WHAT THE TASK REQUIRES>
Only the lines below starting at the one that contains "Leksaksrobot programmerbar" and ending at the one that contains "Vượt qua Nam" are to be reproduced, exactly and with both ends kept.

LISTED ENTRIES>
※ ※ ※

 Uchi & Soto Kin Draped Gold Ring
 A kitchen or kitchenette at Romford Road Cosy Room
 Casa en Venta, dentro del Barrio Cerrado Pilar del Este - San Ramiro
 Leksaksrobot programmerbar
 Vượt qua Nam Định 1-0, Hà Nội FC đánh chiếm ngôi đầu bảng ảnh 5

※ ※ ※

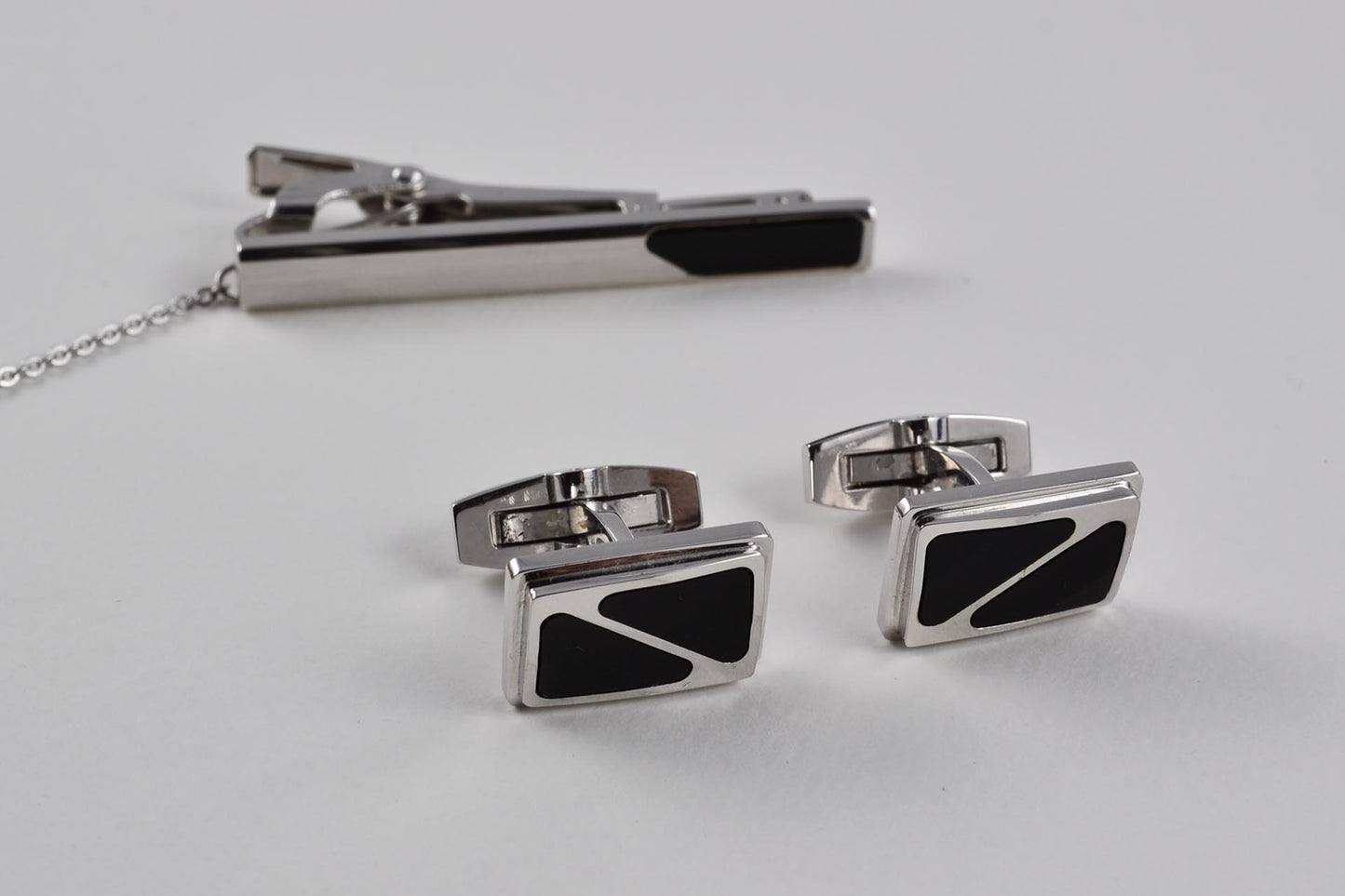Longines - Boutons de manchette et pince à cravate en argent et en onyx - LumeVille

※ ※ ※

WRITTEN ANSWER>
 Leksaksrobot programmerbar
 Vượt qua Nam Định 1-0, Hà Nội FC đánh chiếm ngôi đầu bảng ảnh 5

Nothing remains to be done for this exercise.